| Assignment |
Copy out every record precisely.

[Short web captions]

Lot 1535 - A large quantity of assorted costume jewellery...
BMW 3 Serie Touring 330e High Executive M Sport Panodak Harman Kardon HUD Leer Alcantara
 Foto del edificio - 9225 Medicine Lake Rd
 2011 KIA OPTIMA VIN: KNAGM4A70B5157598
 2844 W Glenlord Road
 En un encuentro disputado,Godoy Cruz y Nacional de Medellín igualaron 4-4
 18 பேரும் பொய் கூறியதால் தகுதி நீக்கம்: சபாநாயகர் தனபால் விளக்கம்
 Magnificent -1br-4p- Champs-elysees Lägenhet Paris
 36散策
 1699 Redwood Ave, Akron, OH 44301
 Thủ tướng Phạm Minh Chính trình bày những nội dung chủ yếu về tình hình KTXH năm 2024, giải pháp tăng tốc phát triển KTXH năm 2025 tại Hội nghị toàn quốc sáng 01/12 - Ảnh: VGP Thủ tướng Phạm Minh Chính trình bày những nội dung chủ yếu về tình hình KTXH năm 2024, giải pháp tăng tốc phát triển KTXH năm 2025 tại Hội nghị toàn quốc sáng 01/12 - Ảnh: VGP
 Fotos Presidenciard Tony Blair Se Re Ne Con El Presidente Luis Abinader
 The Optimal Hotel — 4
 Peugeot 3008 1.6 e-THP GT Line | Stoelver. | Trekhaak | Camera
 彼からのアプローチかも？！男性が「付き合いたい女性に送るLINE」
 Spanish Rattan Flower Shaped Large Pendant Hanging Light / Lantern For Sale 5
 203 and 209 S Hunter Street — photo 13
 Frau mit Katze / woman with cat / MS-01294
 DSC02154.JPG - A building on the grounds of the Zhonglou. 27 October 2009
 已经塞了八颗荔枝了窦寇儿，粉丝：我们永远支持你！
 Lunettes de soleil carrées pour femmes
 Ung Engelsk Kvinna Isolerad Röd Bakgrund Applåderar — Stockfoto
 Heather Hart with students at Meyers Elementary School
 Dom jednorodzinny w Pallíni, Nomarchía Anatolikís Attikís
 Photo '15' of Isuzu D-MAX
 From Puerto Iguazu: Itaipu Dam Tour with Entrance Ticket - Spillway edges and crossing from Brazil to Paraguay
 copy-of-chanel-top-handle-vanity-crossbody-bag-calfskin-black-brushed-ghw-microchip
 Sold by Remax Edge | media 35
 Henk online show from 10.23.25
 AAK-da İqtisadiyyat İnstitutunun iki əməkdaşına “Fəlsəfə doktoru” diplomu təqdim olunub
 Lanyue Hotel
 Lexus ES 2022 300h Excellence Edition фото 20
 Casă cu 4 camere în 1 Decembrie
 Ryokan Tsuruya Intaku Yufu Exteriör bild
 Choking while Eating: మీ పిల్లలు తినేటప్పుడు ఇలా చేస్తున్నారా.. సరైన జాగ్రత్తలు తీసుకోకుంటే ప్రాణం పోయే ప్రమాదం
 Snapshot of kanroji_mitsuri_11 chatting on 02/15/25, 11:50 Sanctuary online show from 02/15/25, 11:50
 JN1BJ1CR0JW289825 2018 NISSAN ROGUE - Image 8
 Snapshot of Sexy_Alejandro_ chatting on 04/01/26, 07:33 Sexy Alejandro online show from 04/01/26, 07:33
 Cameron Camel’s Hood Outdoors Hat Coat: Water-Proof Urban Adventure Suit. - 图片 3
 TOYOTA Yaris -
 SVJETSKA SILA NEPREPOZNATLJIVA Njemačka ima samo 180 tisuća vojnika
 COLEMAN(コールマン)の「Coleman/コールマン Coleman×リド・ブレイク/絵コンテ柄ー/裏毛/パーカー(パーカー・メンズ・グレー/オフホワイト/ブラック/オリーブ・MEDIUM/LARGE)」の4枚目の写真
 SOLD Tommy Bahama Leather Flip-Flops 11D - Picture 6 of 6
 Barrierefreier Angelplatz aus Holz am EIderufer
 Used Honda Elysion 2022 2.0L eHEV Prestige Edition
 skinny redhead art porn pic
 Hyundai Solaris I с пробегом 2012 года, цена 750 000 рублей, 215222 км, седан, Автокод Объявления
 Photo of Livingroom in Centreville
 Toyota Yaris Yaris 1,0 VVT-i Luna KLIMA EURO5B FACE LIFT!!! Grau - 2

| Reply |
Lot 1535 - A large quantity of assorted costume jewellery...
BMW 3 Serie Touring 330e High Executive M Sport Panodak Harman Kardon HUD Leer Alcantara
 Foto del edificio - 9225 Medicine Lake Rd
 2011 KIA OPTIMA VIN: KNAGM4A70B5157598
 2844 W Glenlord Road
 En un encuentro disputado,Godoy Cruz y Nacional de Medellín igualaron 4-4
 18 பேரும் பொய் கூறியதால் தகுதி நீக்கம்: சபாநாயகர் தனபால் விளக்கம்
 Magnificent -1br-4p- Champs-elysees Lägenhet Paris
 36散策
 1699 Redwood Ave, Akron, OH 44301
 Thủ tướng Phạm Minh Chính trình bày những nội dung chủ yếu về tình hình KTXH năm 2024, giải pháp tăng tốc phát triển KTXH năm 2025 tại Hội nghị toàn quốc sáng 01/12 - Ảnh: VGP Thủ tướng Phạm Minh Chính trình bày những nội dung chủ yếu về tình hình KTXH năm 2024, giải pháp tăng tốc phát triển KTXH năm 2025 tại Hội nghị toàn quốc sáng 01/12 - Ảnh: VGP
 Fotos Presidenciard Tony Blair Se Re Ne Con El Presidente Luis Abinader
 The Optimal Hotel — 4
 Peugeot 3008 1.6 e-THP GT Line | Stoelver. | Trekhaak | Camera
 彼からのアプローチかも？！男性が「付き合いたい女性に送るLINE」
 Spanish Rattan Flower Shaped Large Pendant Hanging Light / Lantern For Sale 5
 203 and 209 S Hunter Street — photo 13
 Frau mit Katze / woman with cat / MS-01294
 DSC02154.JPG - A building on the grounds of the Zhonglou. 27 October 2009
 已经塞了八颗荔枝了窦寇儿，粉丝：我们永远支持你！
 Lunettes de soleil carrées pour femmes
 Ung Engelsk Kvinna Isolerad Röd Bakgrund Applåderar — Stockfoto
 Heather Hart with students at Meyers Elementary School
 Dom jednorodzinny w Pallíni, Nomarchía Anatolikís Attikís
 Photo '15' of Isuzu D-MAX
 From Puerto Iguazu: Itaipu Dam Tour with Entrance Ticket - Spillway edges and crossing from Brazil to Paraguay
 copy-of-chanel-top-handle-vanity-crossbody-bag-calfskin-black-brushed-ghw-microchip
 Sold by Remax Edge | media 35
 Henk online show from 10.23.25
 AAK-da İqtisadiyyat İnstitutunun iki əməkdaşına “Fəlsəfə doktoru” diplomu təqdim olunub
 Lanyue Hotel
 Lexus ES 2022 300h Excellence Edition фото 20
 Casă cu 4 camere în 1 Decembrie
 Ryokan Tsuruya Intaku Yufu Exteriör bild
 Choking while Eating: మీ పిల్లలు తినేటప్పుడు ఇలా చేస్తున్నారా.. సరైన జాగ్రత్తలు తీసుకోకుంటే ప్రాణం పోయే ప్రమాదం
 Snapshot of kanroji_mitsuri_11 chatting on 02/15/25, 11:50 Sanctuary online show from 02/15/25, 11:50
 JN1BJ1CR0JW289825 2018 NISSAN ROGUE - Image 8
 Snapshot of Sexy_Alejandro_ chatting on 04/01/26, 07:33 Sexy Alejandro online show from 04/01/26, 07:33
 Cameron Camel’s Hood Outdoors Hat Coat: Water-Proof Urban Adventure Suit. - 图片 3
 TOYOTA Yaris -
 SVJETSKA SILA NEPREPOZNATLJIVA Njemačka ima samo 180 tisuća vojnika
 COLEMAN(コールマン)の「Coleman/コールマン Coleman×リド・ブレイク/絵コンテ柄ー/裏毛/パーカー(パーカー・メンズ・グレー/オフホワイト/ブラック/オリーブ・MEDIUM/LARGE)」の4枚目の写真
 SOLD Tommy Bahama Leather Flip-Flops 11D - Picture 6 of 6
 Barrierefreier Angelplatz aus Holz am EIderufer
 Used Honda Elysion 2022 2.0L eHEV Prestige Edition
 skinny redhead art porn pic
 Hyundai Solaris I с пробегом 2012 года, цена 750 000 рублей, 215222 км, седан, Автокод Объявления
 Photo of Livingroom in Centreville
 Toyota Yaris Yaris 1,0 VVT-i Luna KLIMA EURO5B FACE LIFT!!! Grau - 2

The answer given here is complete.